■ **ENTRIES SUPPLIED**:
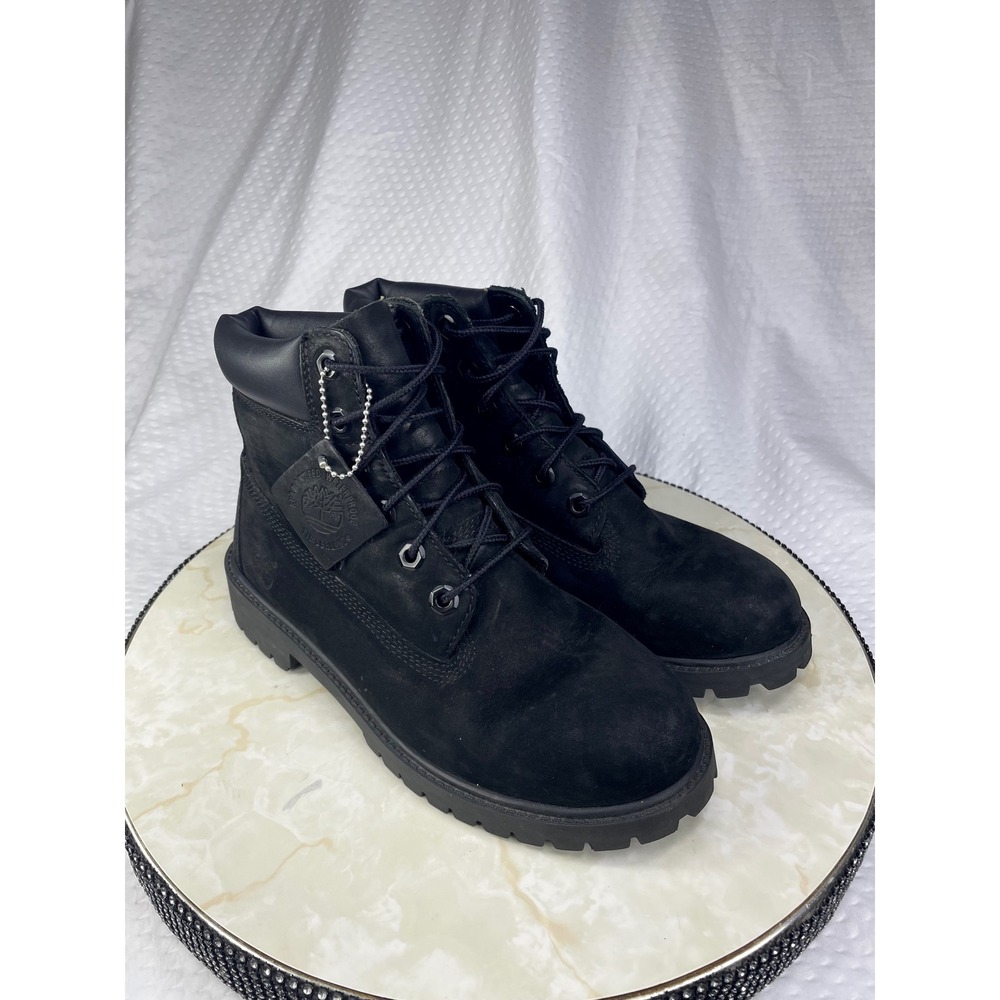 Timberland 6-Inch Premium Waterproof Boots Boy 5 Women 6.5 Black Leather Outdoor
...
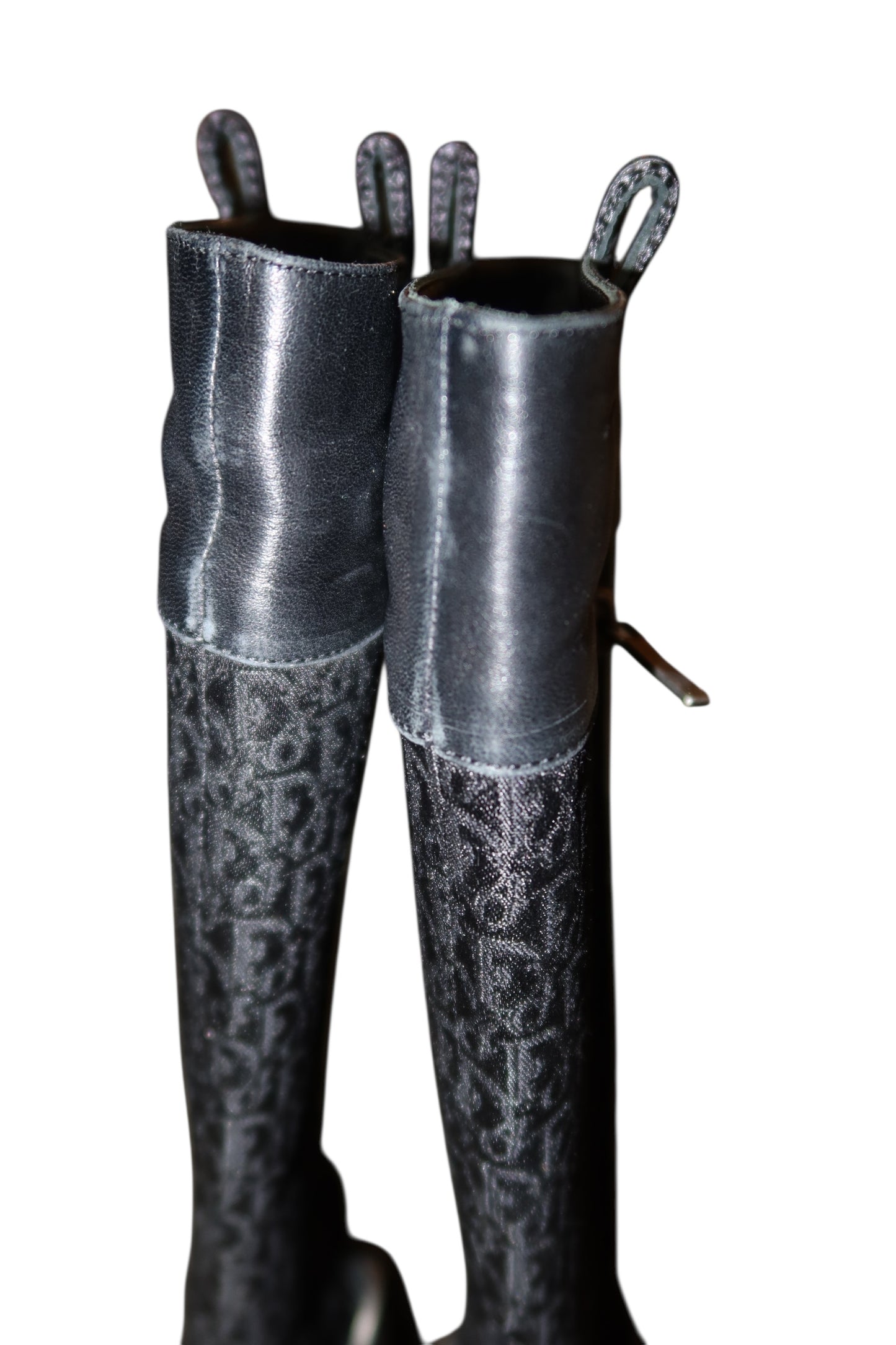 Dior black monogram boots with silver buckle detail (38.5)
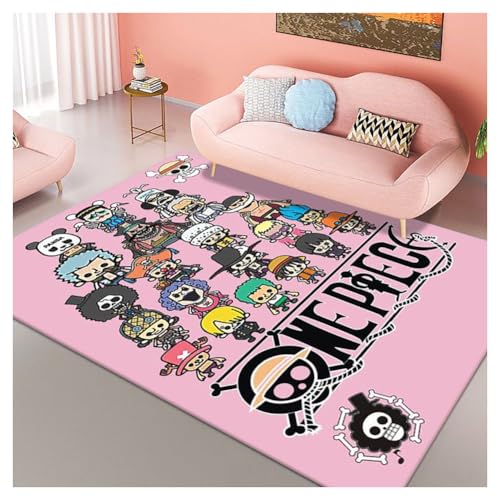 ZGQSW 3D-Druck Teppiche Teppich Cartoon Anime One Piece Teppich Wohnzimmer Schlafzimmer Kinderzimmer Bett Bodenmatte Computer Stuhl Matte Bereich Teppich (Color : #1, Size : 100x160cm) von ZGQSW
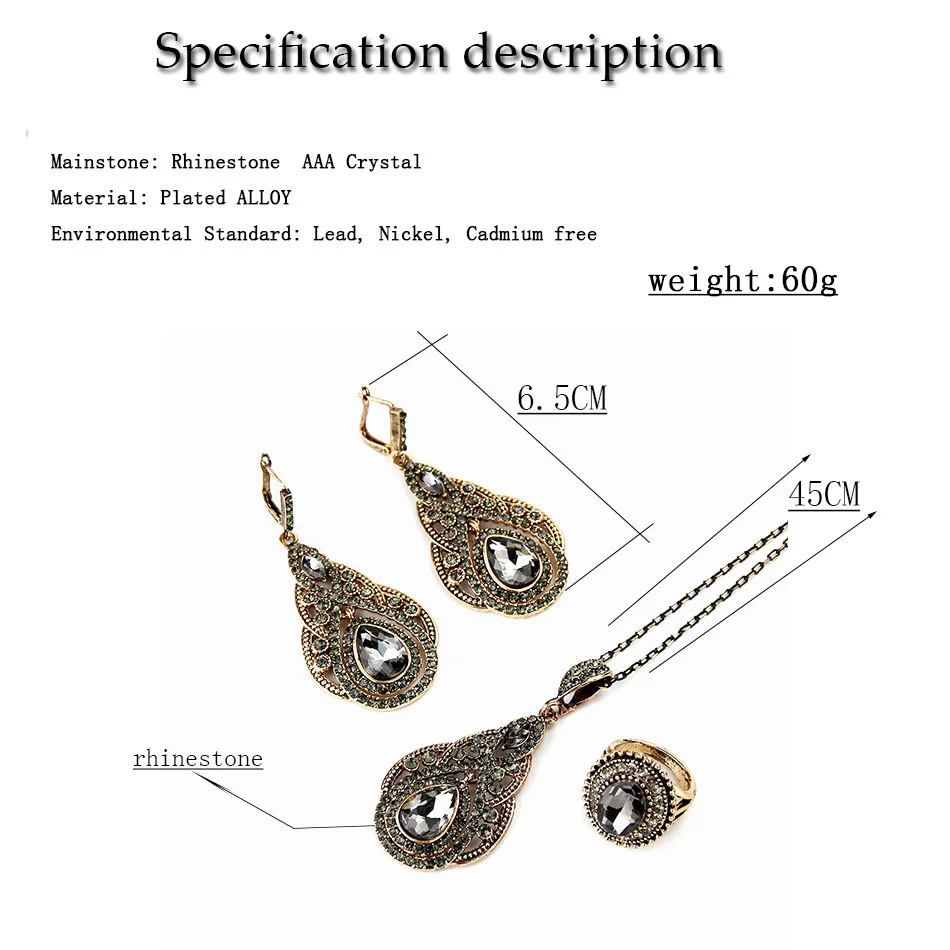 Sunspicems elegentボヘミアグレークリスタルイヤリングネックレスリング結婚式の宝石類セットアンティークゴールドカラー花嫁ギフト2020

■ **TASK DESCRIPTION**:
Given the records above, return the lines starting at the one that holds "ZGQSW 3D-Druck Teppiche" and ending at the one that holds "Sunspicems ele", exactly, and nothing besides; leave every picture out.

■ **WRITTEN SOLUTION**:
 ZGQSW 3D-Druck Teppiche Teppich Cartoon Anime One Piece Teppich Wohnzimmer Schlafzimmer Kinderzimmer Bett Bodenmatte Computer Stuhl Matte Bereich Teppich (Color : #1, Size : 100x160cm) von ZGQSW
 Sunspicems elegentボヘミアグレークリスタルイヤリングネックレスリング結婚式の宝石類セットアンティークゴールドカラー花嫁ギフト2020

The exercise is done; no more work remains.